Returning to Deignan s classification of metaphor, she uses two related items, grasp an idea, and comprehend, as examples of Conventionalised metaphor (grasp an idea) and Historical metaphor (comprehend). Comprehend derives from Latin com- (together) and prehend (to seize). While Deignan places grasp an idea, and comprehend into two separate categories, it is not clear that they should be divided. Sweetser (1987) refers to both as possibly the single most productive etymological source-domain for English mental-state verbs... object-manipulation: the mind is a manipulator of thoughts or ideas, which are identified with manipulable objects (p. 449). While it may be that the naive L1 speaker has no conscious understanding of this connection, we should note that there may exist a great deal of subconscious understanding, not only given the linkage between phrases like grasp an idea and the other phrases that ideas are manipulable objects ( I took an idea from that book , the idea you gave me was great , or hold that thought ) but also through words such as apprehend or even
more distant ones such as prehensile or pry (in the sense of a prybar, an instrument to open something up).
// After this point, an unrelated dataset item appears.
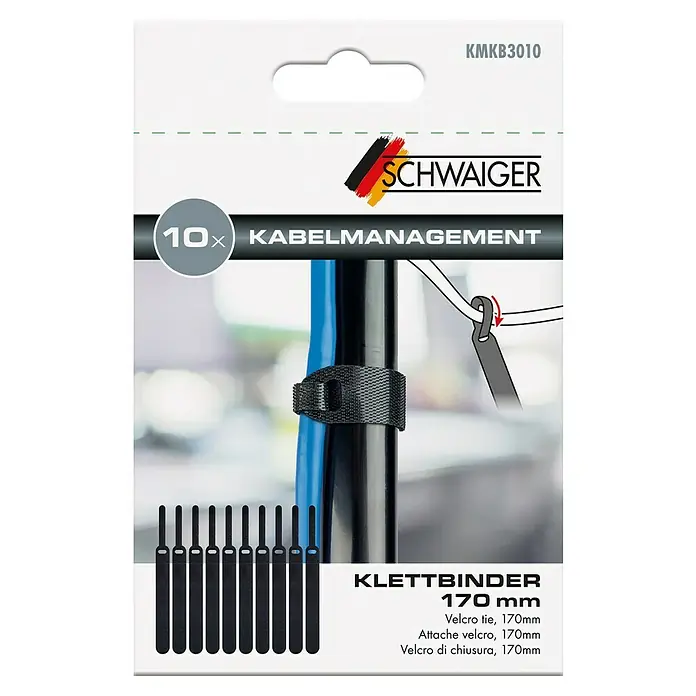 Schwaiger Klettbinder - L x B: 170 x 15 mm, Schwarz, 10 Stk. - Produktverpackung mit 10 Klettbindern von Schwaiger zur einfachen und ordentlichen Kabelführung, Länge 170 mm.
This connection, which may or may not be conscious in the mind of the speaker, can be related to Müller s (2008) citation of Weinrich s (1976) suggestion that Western languages have a
Bildfeldgemeinschaft ( a community of image fields ) that link to each other and reinforce each other. While Müller reports that Weinrich does not take the thought further, she adds: the problem is twofold: how are the assumed realms of metaphorical structures organized on a collective level, and how are the collective structures available on the individual level (Müller, 2008: 87).
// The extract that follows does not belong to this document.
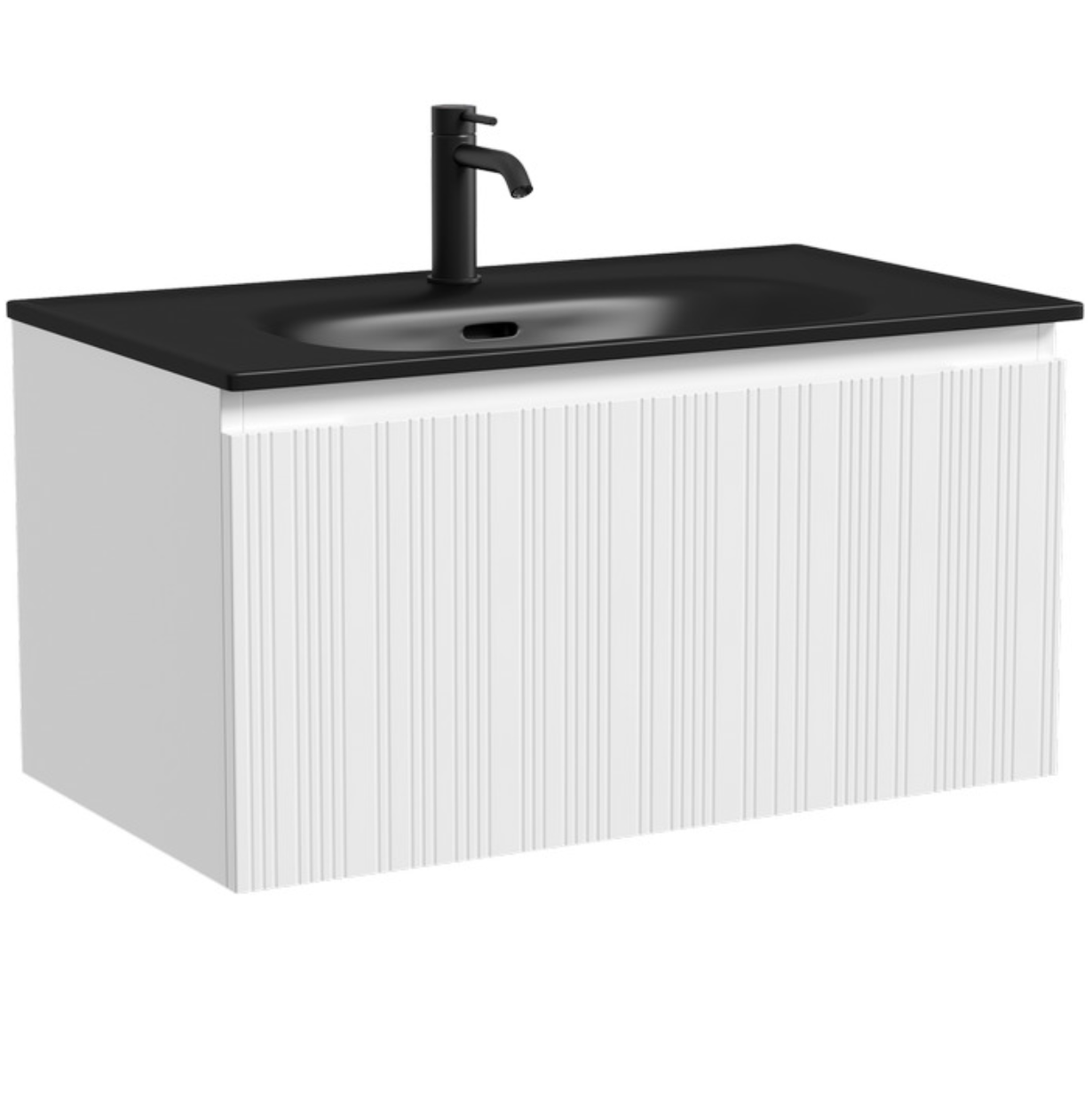 Тумба с раковиной Sancos Code 80 подвесная, белая матовая, раковина черная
Reviewing how comprehend may be understood by Japanese learners of English provides an example of how challenging the problem of determining with any confidence the route by which Japanese speakers understand and interrelate metaphors. While comprehend has a potential link to object manipulation for native English speakers, advanced Japanese English speakers I have spoken to often link their understanding of comprehend to comprehensive, a word which appears in the title of several popular dictionaries, with the meaning of assembling all possible words. Comprehensive would be translated as houkatsu-teki (包括的), with the first character tsutsumu meaning envelop, wrap , which also has an extended sense of comprehend in Japanese. The more common word for understand would be wakaru (分かる) which is etymologically linked to
waku (分く) and means divide, separate in the send of breaking things down into their component parts, so it makes sense that these relatively advanced Japanese English speakers might have a sense of comprehend as gathering together all the assembled pieces . While it may be possible to tease out the differences through psycholinguistic experiments, the
classroom teacher is more likely to be successful if he or she embraces
comprehensive as the way to have students remember comprehend. While this connection is between English and Japanese, within the Japanese language itself, there are categories of lexical items, gairaigo and
wasei-eigo, which the Japanese learner can draw on and the next section will discuss those categories.
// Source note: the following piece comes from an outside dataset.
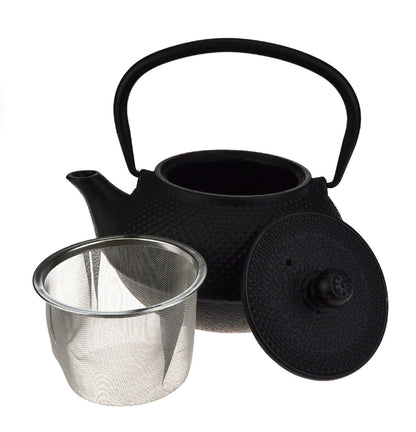 Teaology Cast Iron Teapot 800ml - Fine Hobnail Black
1.7 Gairaigo and wasei-eigo: Types of loan words and their potential for exploitation in the language classroom
The comprehend/comprehensive connection is one example of how structured information that is different from the lexicon of the L1 speaker can be accessible to the L2 learner but invisible if we take the organization of the L1 lexicon as the final model. Loanwords provide another example, and while all languages have loanwords, their presence in Japanese is notable for several reasons related to particular language specific aspects of the language.
In Japanese, there is a separate identified category of foreign loanwords called gairaigo (外来語 or outside-arrival-word ) that are primarily borrowed from English or from other European languages rather than from Old or Middle Chinese. Japanese has three written scripts, kanji (Chinese ideographs), hiragana (syllabic characters used for native words for which there are no kanji as well as grammatical particles) and katakana (a second set of syllabic characters corresponding to hiragana) and it is in this third script that gairaigo is generally written, with a few older terms written in kanji; this latter is known as ateji. As mentioned in section 4.4, Japanese onomatopoeia is written in katakana, but outside of this,
katakana is almost exclusively used for foreign borrowings, potentially making them more salient.
This salience has an impact on the learner. Brown 1995 found that Japanese students could much more easily define English words that had a gairaigo equivalent as opposed to English words that had not been borrowed. Struc and Wood (2015) cite Uchida (2001) showing that junior high school subjects, when presented with unknown L2 words, could identify about half of the L1-L2 correspondences. Daulton (2009) suggests the tendency to use gairaigo is supported by the fact that indigenous words typically have kanji, which require further memorization, and increasing the load on memory. Furthermore, rather than being borrowings that may have extended usages in the language, Oshima (2003) argues that gairaigo is an integral part of Japanese (p. 157). While there are those who feel that gairaigo is problematic (cf. Daulton, 2009), opinion is coalescing around a position that gairaigo can be beneficial because young people have a positive attitude towards it and because it reduces the cognitive load of memorizing new lexical items (Kawauchi, 2014).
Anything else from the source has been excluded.